## INPUT DATA
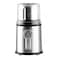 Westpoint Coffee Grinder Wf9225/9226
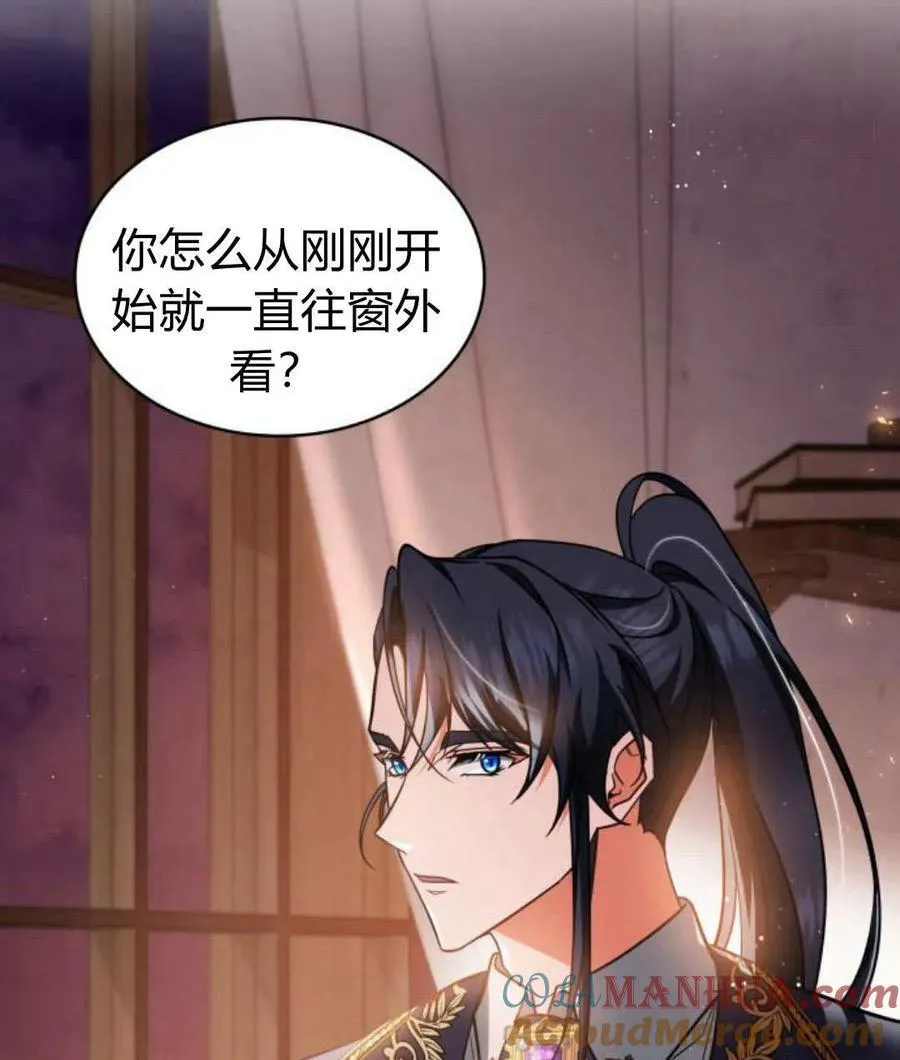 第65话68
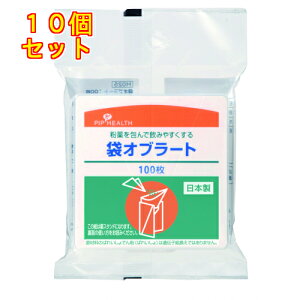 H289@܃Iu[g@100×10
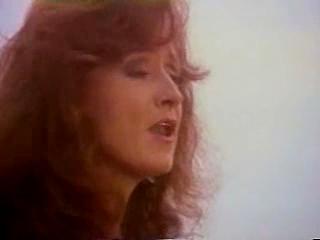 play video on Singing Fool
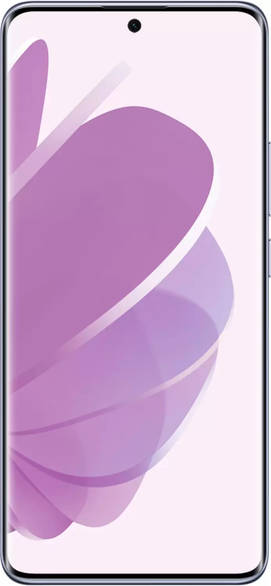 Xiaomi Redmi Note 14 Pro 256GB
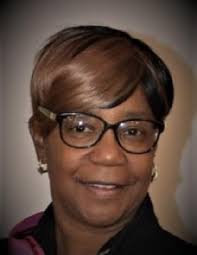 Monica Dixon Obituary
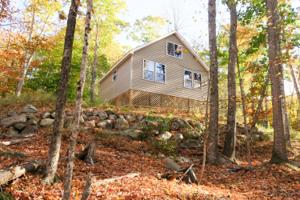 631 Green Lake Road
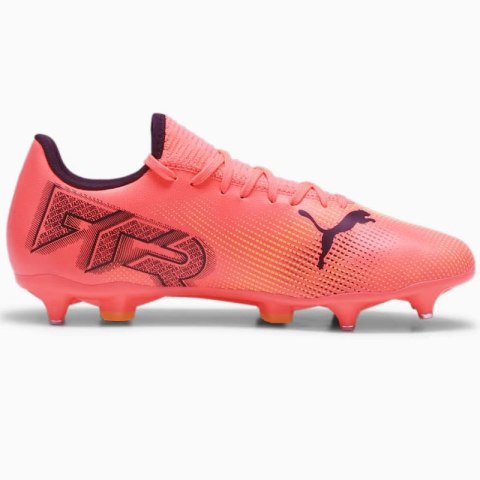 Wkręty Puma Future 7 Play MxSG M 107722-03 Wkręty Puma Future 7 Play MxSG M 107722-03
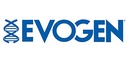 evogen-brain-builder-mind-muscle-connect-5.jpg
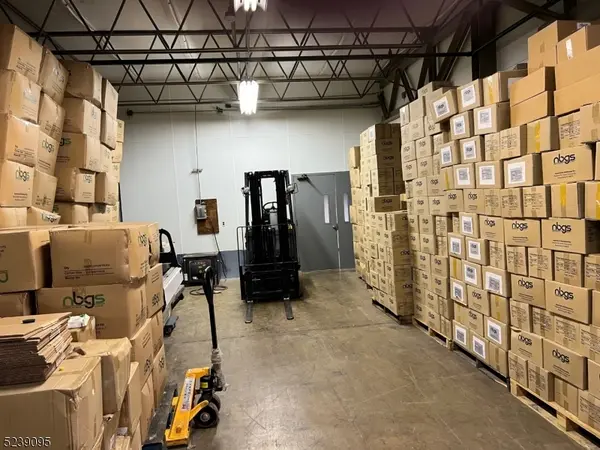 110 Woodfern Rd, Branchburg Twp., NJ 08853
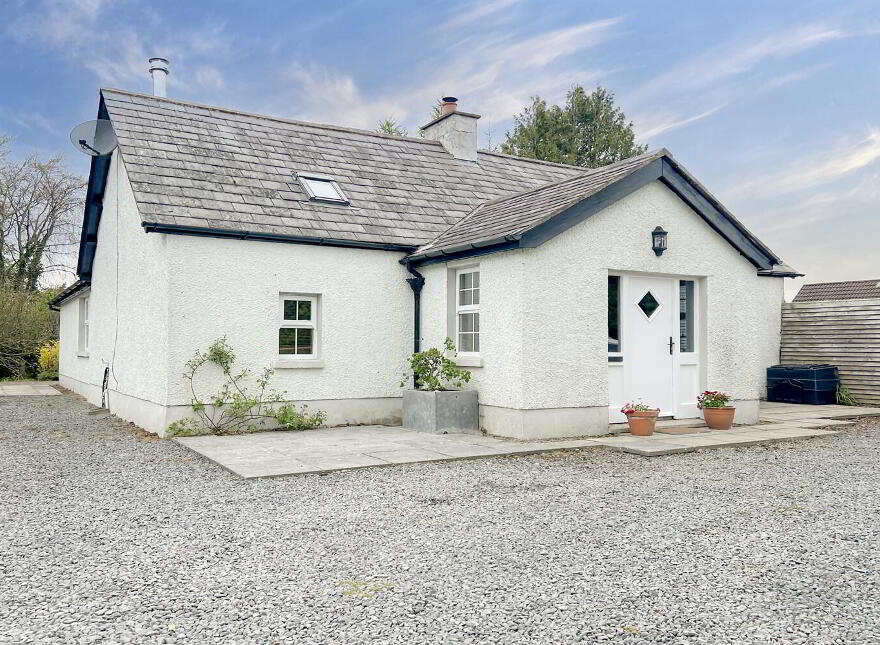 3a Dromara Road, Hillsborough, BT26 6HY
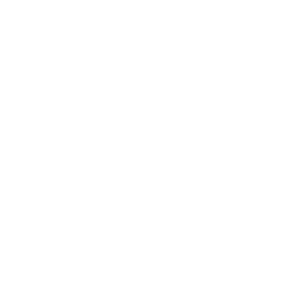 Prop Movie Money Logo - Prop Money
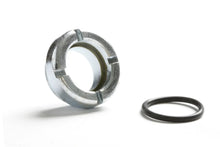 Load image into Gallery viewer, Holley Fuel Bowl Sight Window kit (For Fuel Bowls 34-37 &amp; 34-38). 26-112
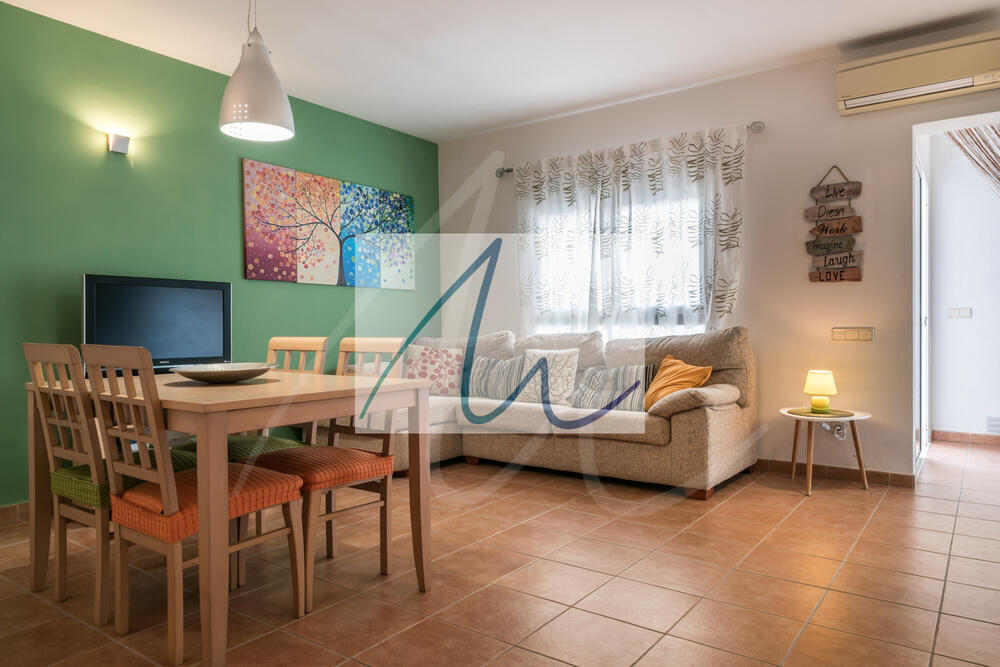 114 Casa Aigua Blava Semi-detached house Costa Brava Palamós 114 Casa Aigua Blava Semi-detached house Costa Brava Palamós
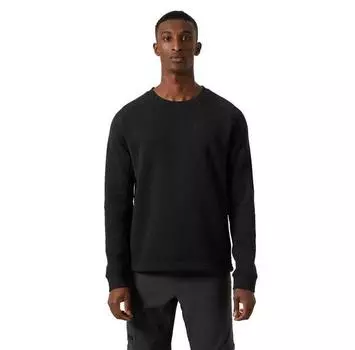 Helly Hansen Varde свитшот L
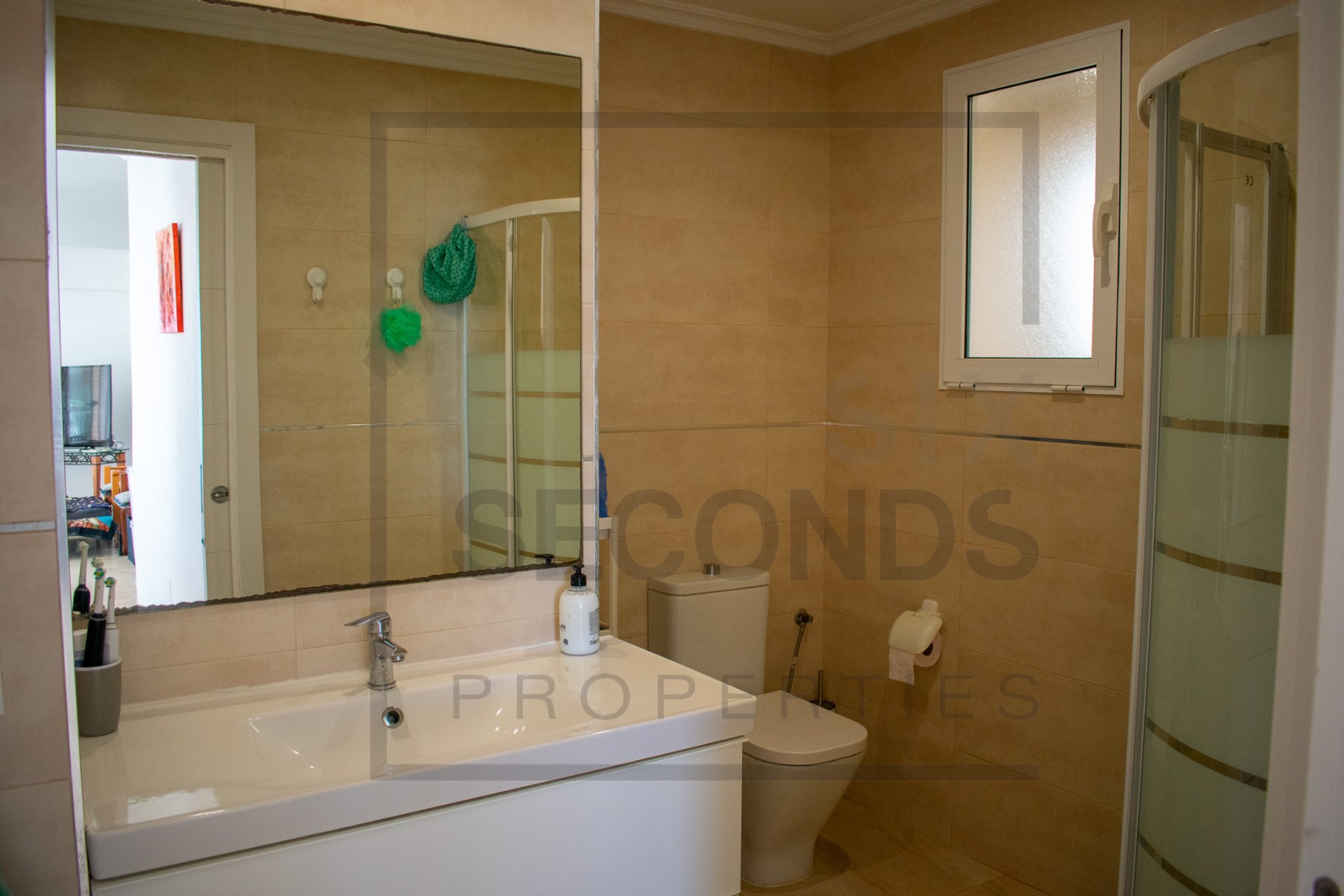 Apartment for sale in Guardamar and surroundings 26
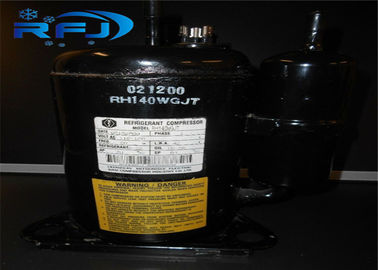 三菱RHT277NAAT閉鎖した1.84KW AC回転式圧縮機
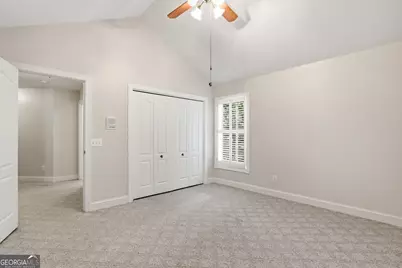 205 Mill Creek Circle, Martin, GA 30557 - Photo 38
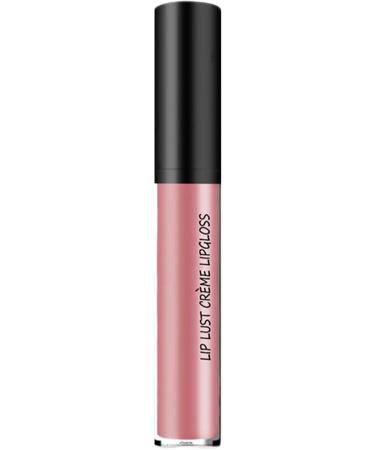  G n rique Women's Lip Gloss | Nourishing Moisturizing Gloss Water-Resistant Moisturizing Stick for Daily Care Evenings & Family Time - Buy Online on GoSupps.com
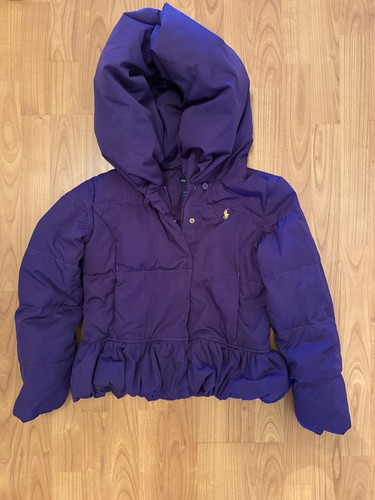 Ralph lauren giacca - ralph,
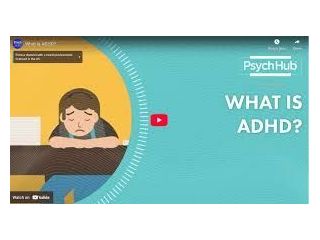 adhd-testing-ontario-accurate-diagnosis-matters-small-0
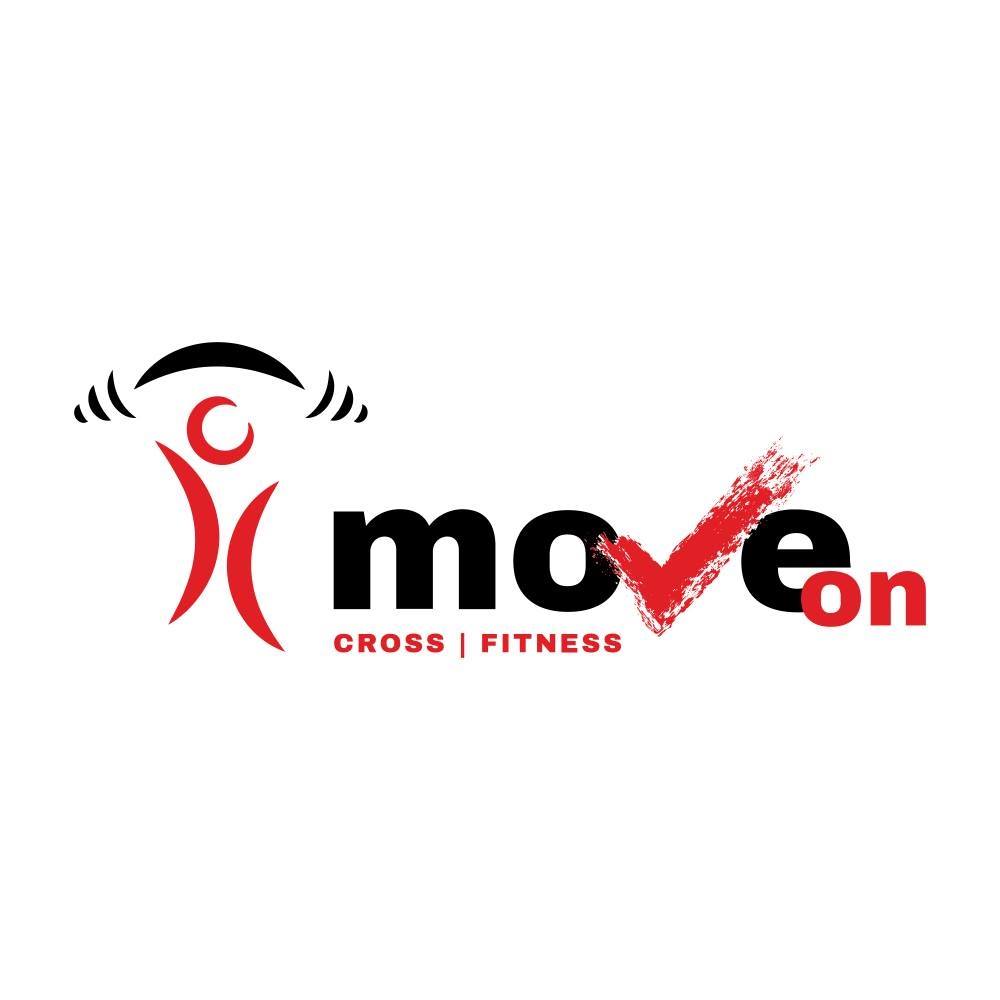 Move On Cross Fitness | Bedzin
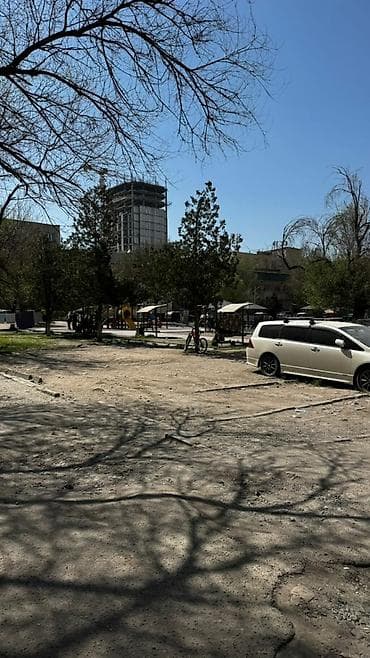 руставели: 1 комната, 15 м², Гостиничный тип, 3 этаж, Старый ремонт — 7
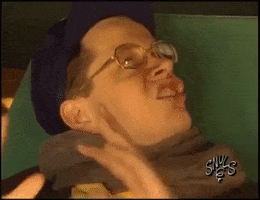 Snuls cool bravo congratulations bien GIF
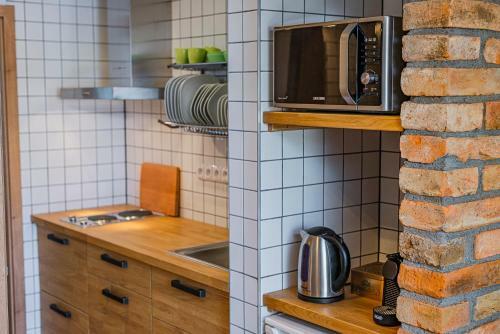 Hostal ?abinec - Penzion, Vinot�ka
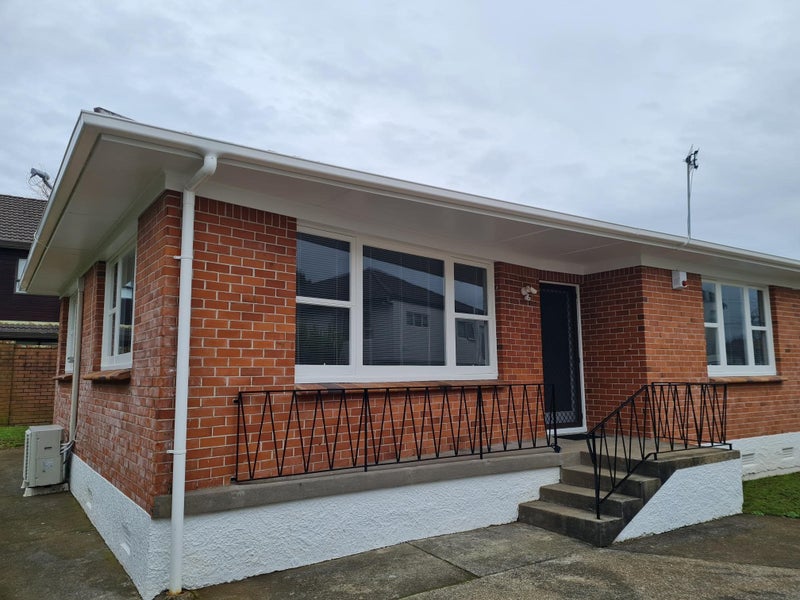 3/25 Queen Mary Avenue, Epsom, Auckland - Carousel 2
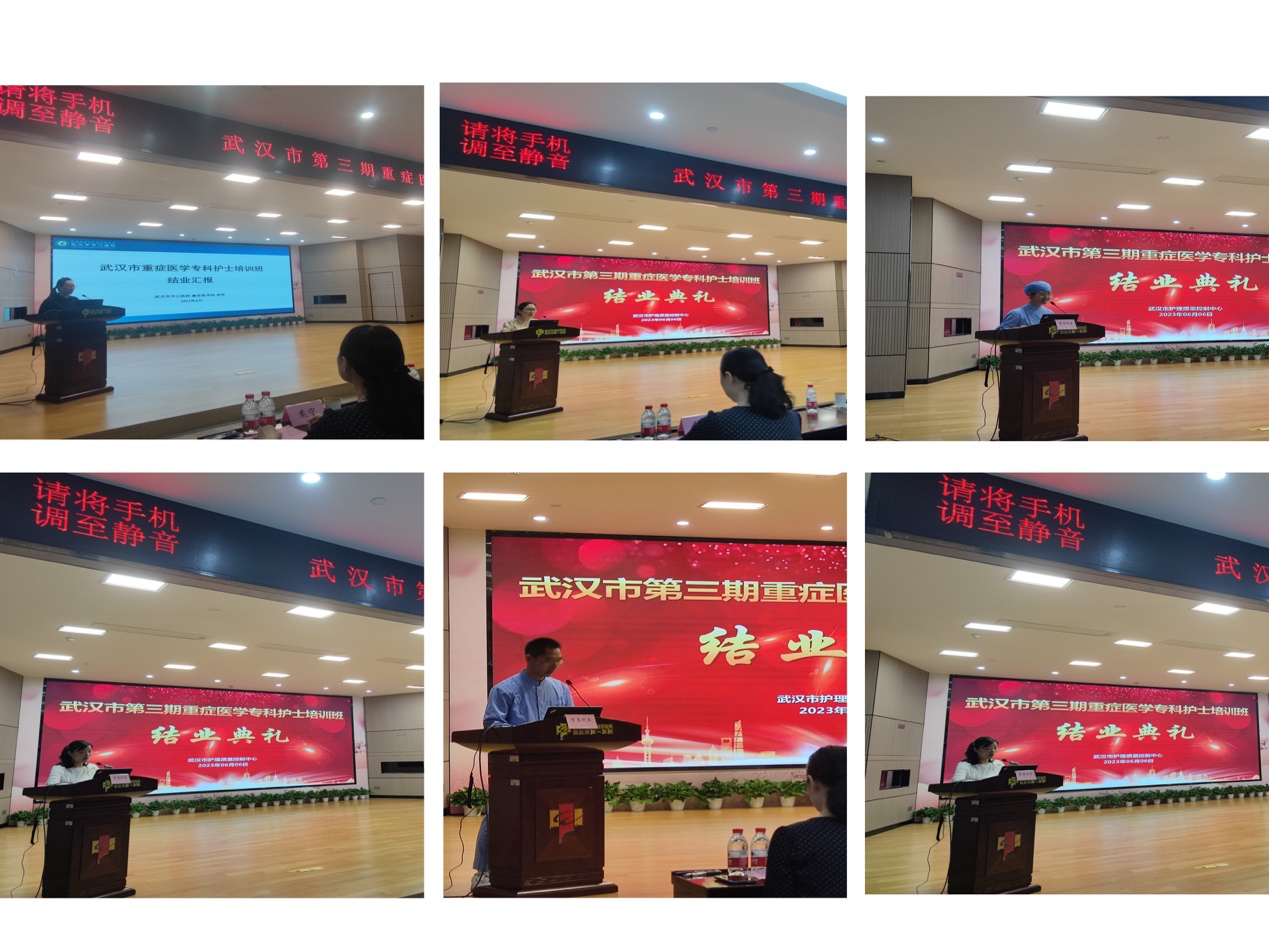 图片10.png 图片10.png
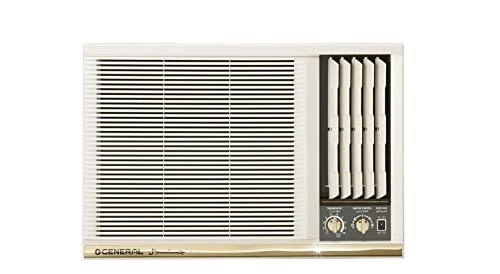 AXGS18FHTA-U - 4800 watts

## TASK BRIEF
Keep to the lines above from the line with "3a Dromara Road, Hillsborough, BT26 6HY" to the line with "205 Mill Creek", and set down exactly those, inclusive, with nothing else and every picture left out.

## TASK OUTPUT
 3a Dromara Road, Hillsborough, BT26 6HY
 Prop Movie Money Logo - Prop Money
 Load image into Gallery viewer, Holley Fuel Bowl Sight Window kit (For Fuel Bowls 34-37 &amp; 34-38). 26-112
 114 Casa Aigua Blava Semi-detached house Costa Brava Palamós 114 Casa Aigua Blava Semi-detached house Costa Brava Palamós
 Helly Hansen Varde свитшот L
 Apartment for sale in Guardamar and surroundings 26
 三菱RHT277NAAT閉鎖した1.84KW AC回転式圧縮機
 205 Mill Creek Circle, Martin, GA 30557 - Photo 38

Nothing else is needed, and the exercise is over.